Customer acquisition managers of Banking, Financial Services and Insurance (BFSI), telecom, energy and utility, and other subscription businesses often struggle with acquiring new potential target customers to strengthen the business pipeline. What frustrates them is the low rate of conversion of these seemingly market-ready customers due to high risks associated with their profiles. This merits the consideration of using predictive logic to intelligently sift data from the past.

Let’s look at a scenario. You mine the rejected profiles of the past and find a significant number who have shown improvements in their financial behavior since the last risk assessment. Call them ‘rejected customers with potential’ or ‘ready for acceptance’, this could be potential gold in customer mining.

Most organizations use the application scorecard methodology as a decision support technique for customer acquisition, and the behavioral scorecard for tracking existing customers. The development, validation and continuous monitoring of such scorecards rely on the logistic regression model — they are based on previous performance as an indication of future behavior.

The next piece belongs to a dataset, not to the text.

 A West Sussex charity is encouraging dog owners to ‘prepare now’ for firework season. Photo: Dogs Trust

Application scorecards are more complex to validate than behavioral scorecards. This is due to the lack of information about the customer and the continuous population characteristic changes on which the good and bad population is segregated. And yet, the highly competitive market, the population attitude and continuous behavior shifts have made it imperative for such types of scorecards to be regularly reviewed and validated.

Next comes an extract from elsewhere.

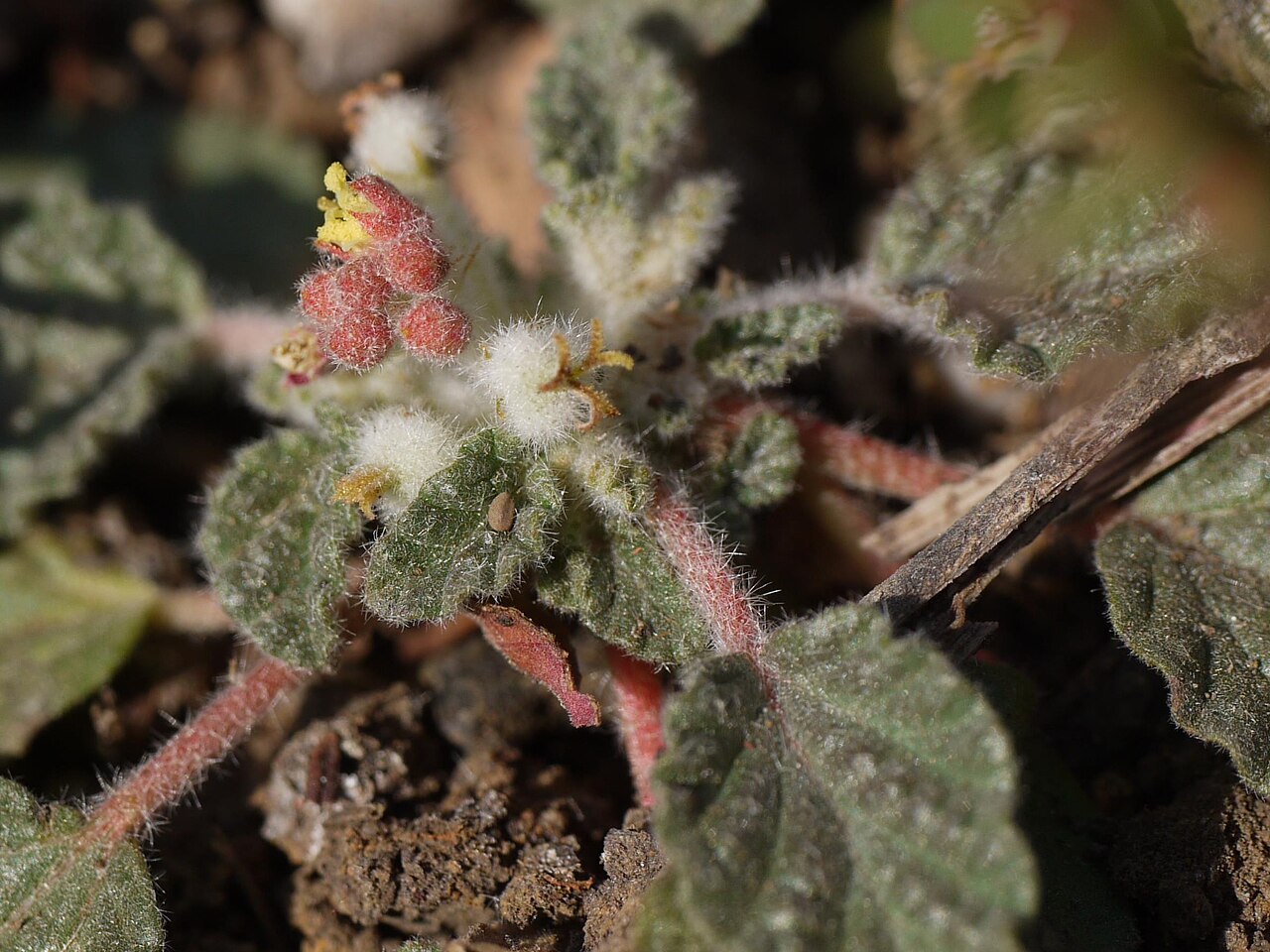Chrozophora plicata: Chrozophora plicata (Vahl) A.Juss. ex Spreng.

When lending decisions are based solely on the behaviors of accepted customers and with no benchmark parameters for the ‘rejected customers with potential’ group, it causes an unfavorable bias to reduce the potential pool for customer mining. Gaining new and better insights into the ‘rejected’ population as opposed to simply excluding these records from all modeling may be a more sustainable option. Here is where the Reject Inference (RI) technique becomes relevant.

RI Technique: Enhancing the Quality of Customer Mining

The RI technique is the process of assigning a theoretical performance to applicants who had previously been declined. This is the equivalent of saying that if all the rejects had been accepted, some of them would have exhibited good payment behavior, while others would have displayed bad payment behavior. Here, we can use RI to identify the rejects who would have been good payers and accordingly adjust the application scorecard. This allows the mining of a potential customer database that is vast.

RI in Three Easy Stages

The simplest way to include information on rejects is to evaluate them using the existing scorecard criteria of ‘good’ and ‘bad’ (rejected loan applications can be used afterwards to adjust the scorecard).

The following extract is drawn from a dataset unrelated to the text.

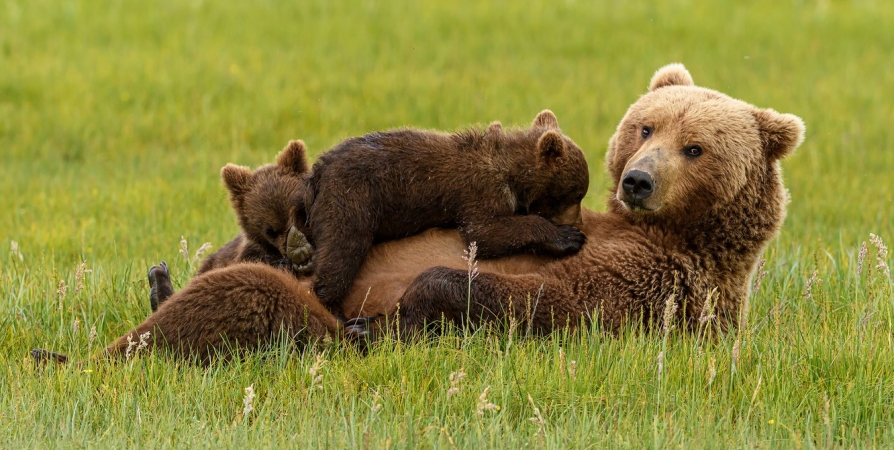 Семью медведей встретили в Печенгском округе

The performance of an applicant is tracked for a specific period and classified as good or bad. As a first step, the data is classified into the following four blocks.

Stage 1

  • Segment 1 is divided into good and bad, depending on their actual performance.
  • For Segment 2, any applicant that satisfies the criteria for being bad is defined to be bad. (The remaining accounts are excluded from the analysis due to lack of sufficient performance window.)
  • RI is done on Segment 3, based on the good-bad information obtained from the Segment 1 and Segment 2 population (Accordingly, this population is divided into ‘Inferred Good‘ and ‘Inferred Bad’.)
  • Segment 4 is entirely left out of the analysis.

Stage 2

  • A good-bad model is developed on the Segment 1 population together with the bad obtained from Segment 2. For the purpose of this model, ‘Good’ is defined from Segment 1 and ‘Bad’ from both Segments 1 and 2.
  • On the basis of a good-bad model developed from the above population, the Segment 3 is now scored on the criteria of this ‘good-bad’ model to derive P (bad).
  • A combination of P (bad) and Heller Scores (with a reasonable cut-off for both) is then used to identify the ‘Inferred Good’ and ‘Inferred Bad’ accounts in Segment 3.
  • The ‘Good’ and ‘Bad’ (from Segments 1 and 2) and the ’Inferred Good’ and ‘Inferred Bad’ (from Segment 3) are clubbed together to form the final set of good and bad.

Stage 3

Scorecard validation is an integral part of the scorecard construct as it checks whether the newly developed scorecard is valid and robust. This stage sets out to provide the required evaluation of the scorecard’s effectiveness in predicting risks on the population that it is built on.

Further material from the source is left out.